(Stored items)

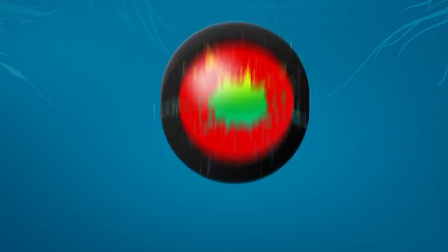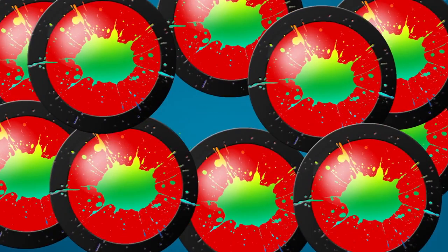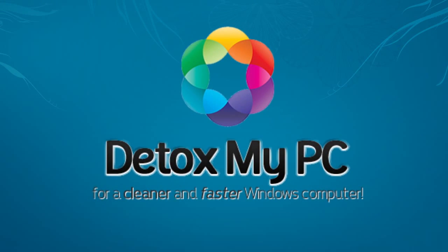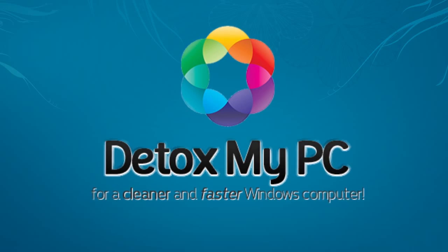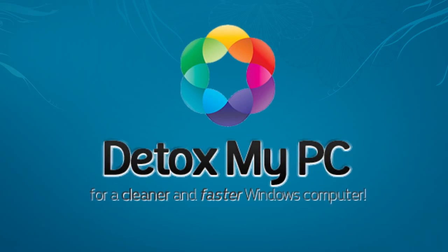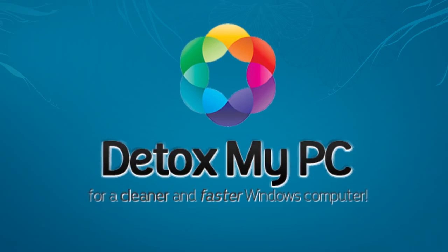You wouldn't leave your home to get filled up with useless junk and files, so why do it to your PC? Download Detox My PC for a cleaner and faster Windows computer.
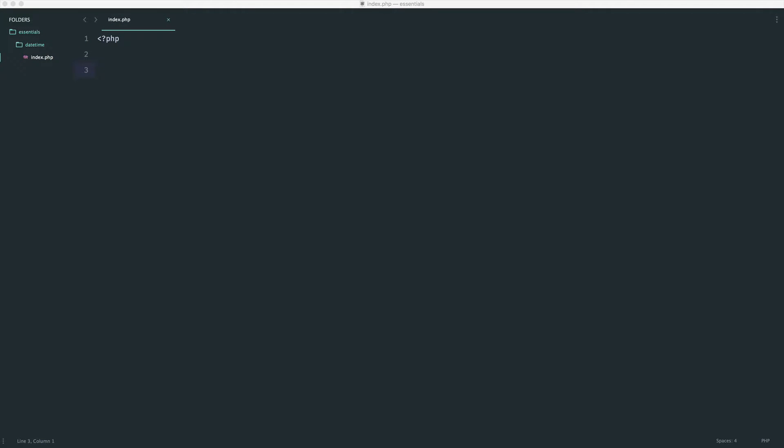Now, we've pretty much covered everything you actually need to start working with dates and times in PHP. The DateTime class is pretty simple, but just to complement this, we're going to look at some useful functions that you might need along the way.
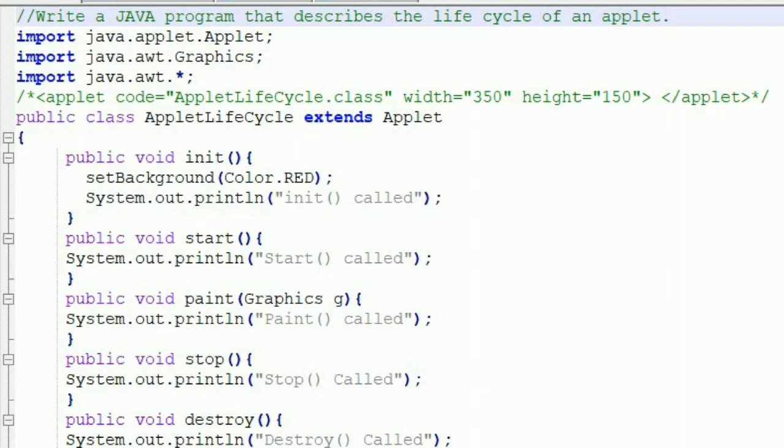Hello friends, welcome back. Today I'll show you how to create an applet — write a Java program that describes the life cycle of an applet. There are four methods: init, start, stop, and destroy. These four methods are defined in the applet class and the default implementation of all these methods is provided, so you need to override them unless you require specific implementation.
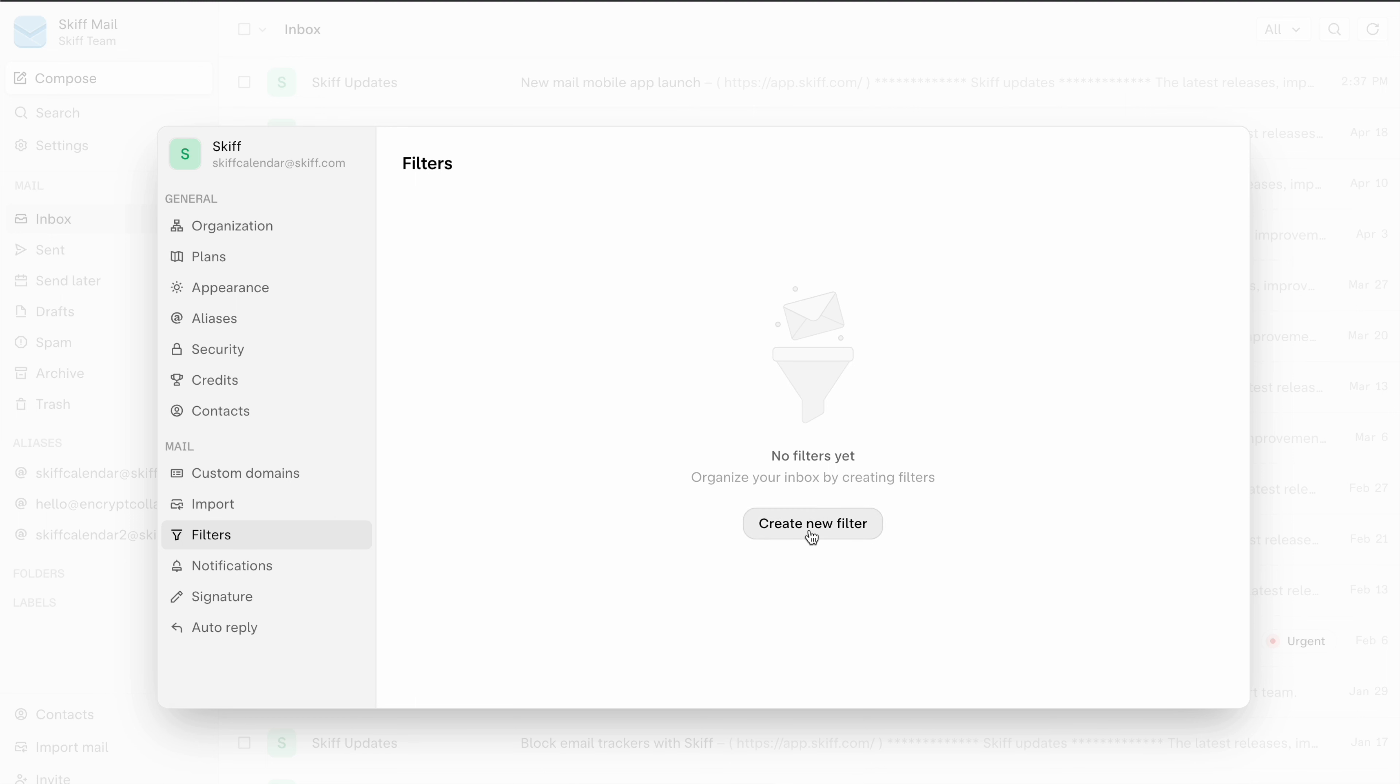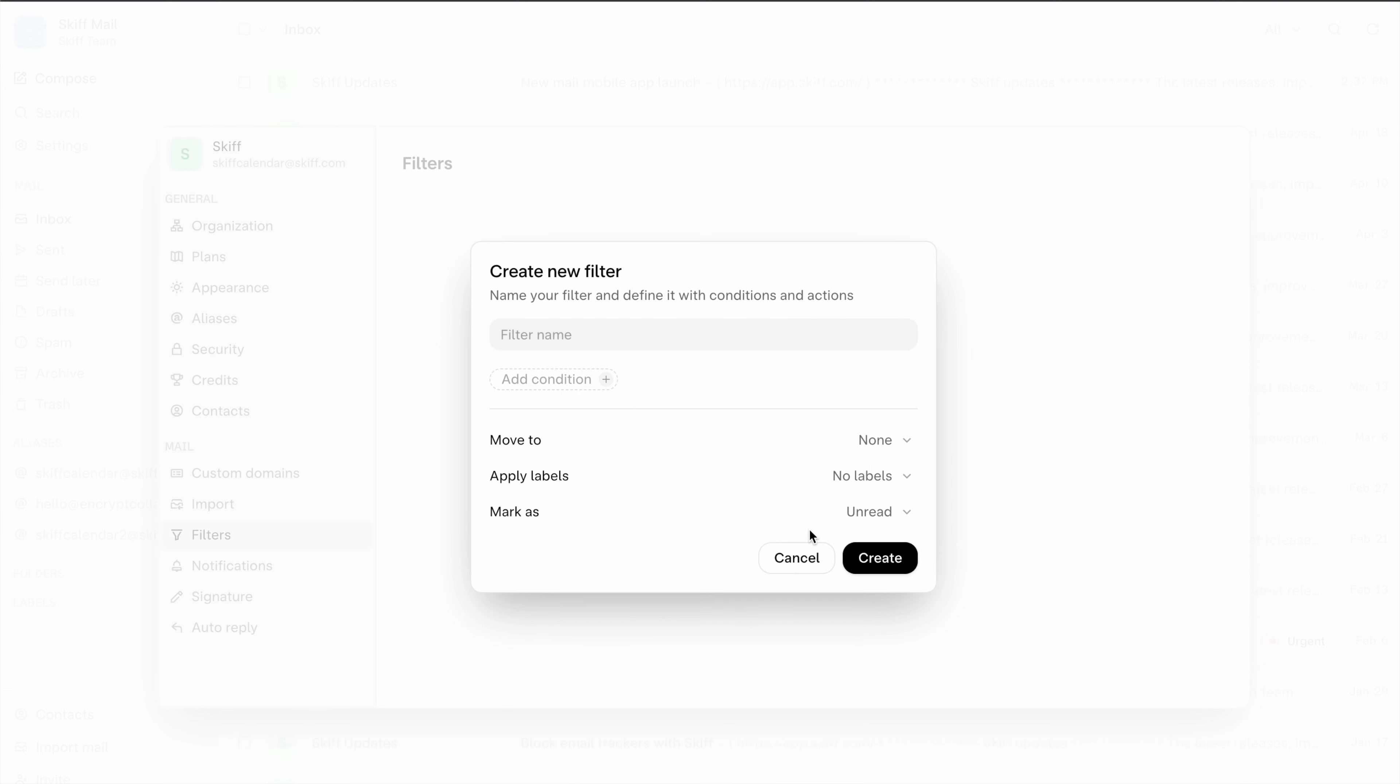Then click create new filter and give your filter a name. Here we'll give one for all the SCIF update emails and we'll categorize them with a label.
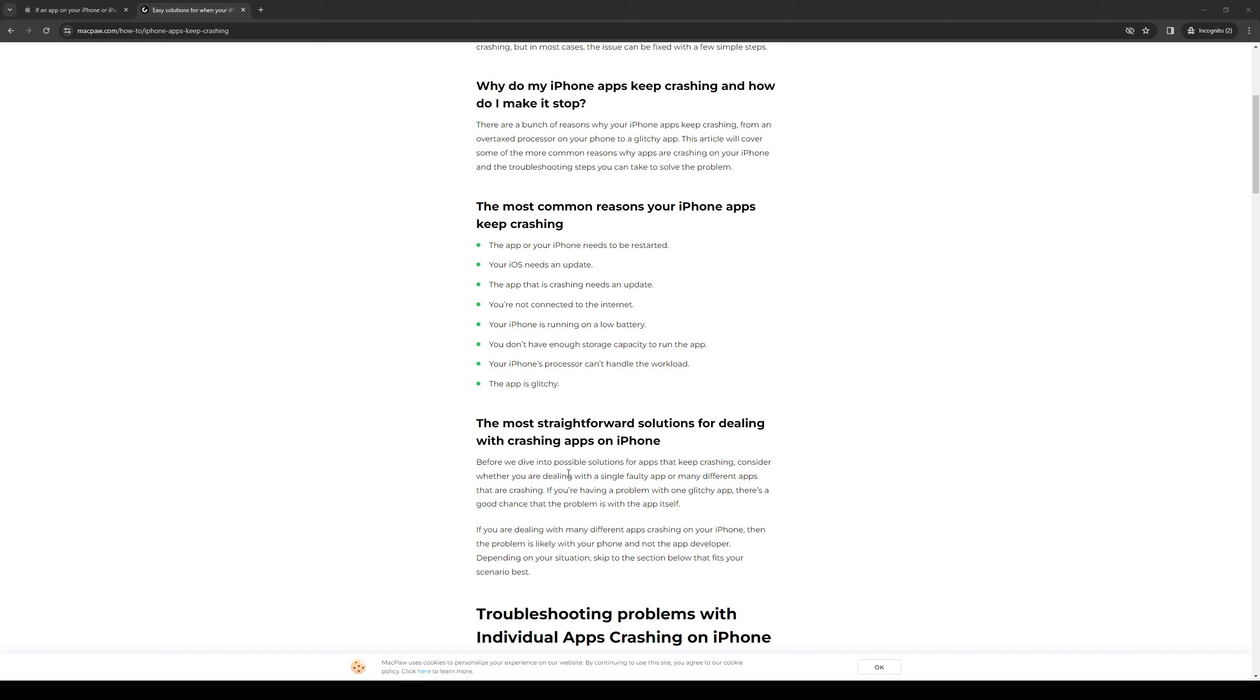How's it going everyone and welcome back to the channel. So in today's video, I'll be teaching you guys how to fix the error where applications on your iPhone or iOS device are kicking you out.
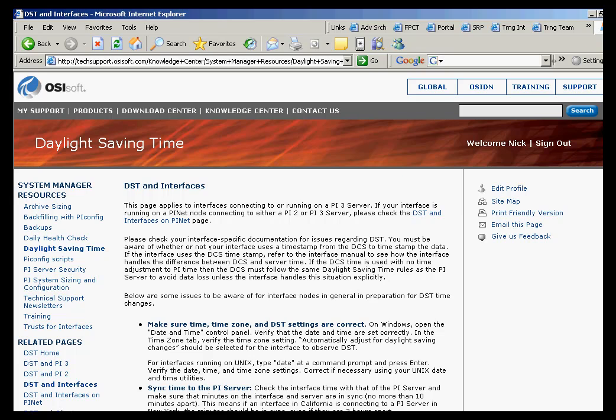Just so you know, when Daylight Savings Time does occur, you'll see this in the client applications. If you look in Process Book, for example, in the spring, you'll see a 23-hour day.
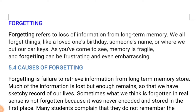Good morning guys and welcome back to the channel. Today's topic is about forgetting. We will discuss what forgetting is, causes of forgetting — including interference, encoding organization and retrieval problems, motivated forgetting, and amnesia. Under amnesia we will discuss biological as well as psychological amnesia. So let's start our topic of forgetting.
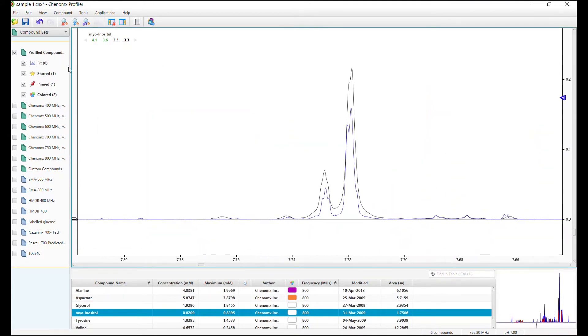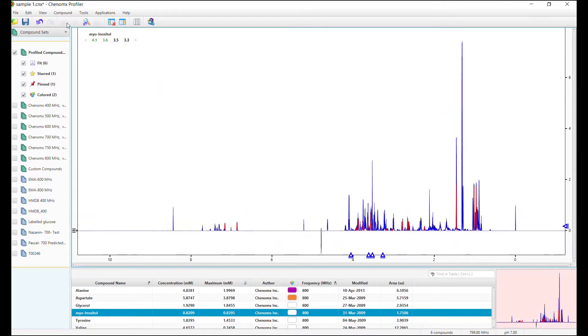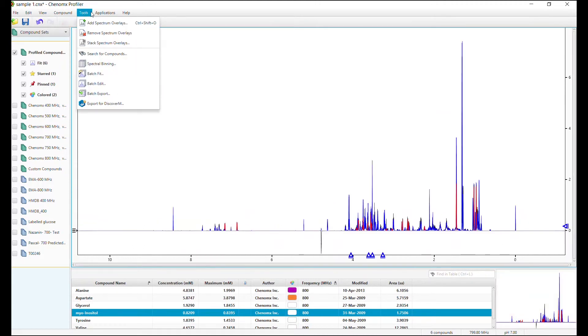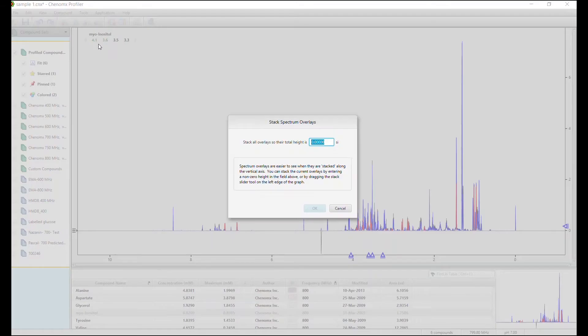You can also move up the baseline of your overlaying file for an easier comparison. Tools, Stack, Spectrum Overlay, and you can add a distance value here.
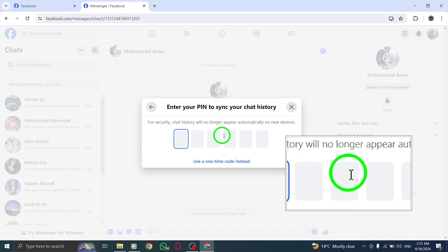Once you have entered your new PIN, click on Save to confirm the changes and restore your end-to-end encryption code securely.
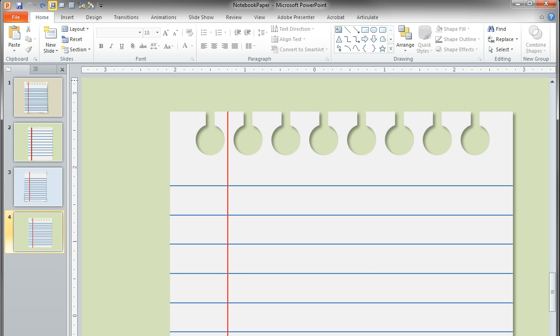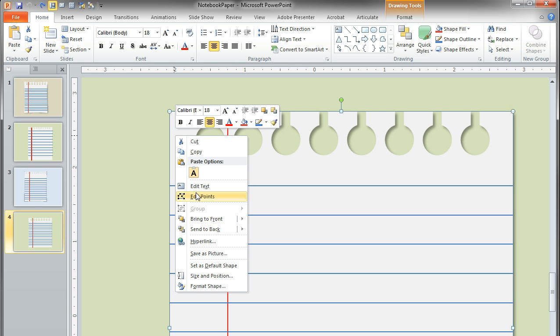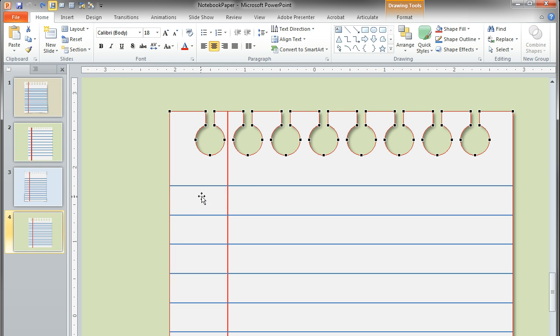So with your notebook paper graphic open in PowerPoint, select your notebook paper, right-click on it, and choose edit points.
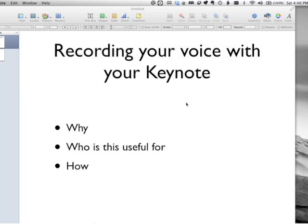Why else might you want to record your voice? You could be doing presentations — work, school — and you just want to have everything ironed out ahead of time. It's easier to just record it and get the timing down directly before the big day.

* [Problem description]
Nothing but the lines from the first line of the data above through the line holding "Now, we've pretty" may appear in the response, copied exactly and without pictures.

* [Written reply]
You wouldn't leave your home to get filled up with useless junk and files, so why do it to your PC? Download Detox My PC for a cleaner and faster Windows computer.
Now, we've pretty much covered everything you actually need to start working with dates and times in PHP. The DateTime class is pretty simple, but just to complement this, we're going to look at some useful functions that you might need along the way.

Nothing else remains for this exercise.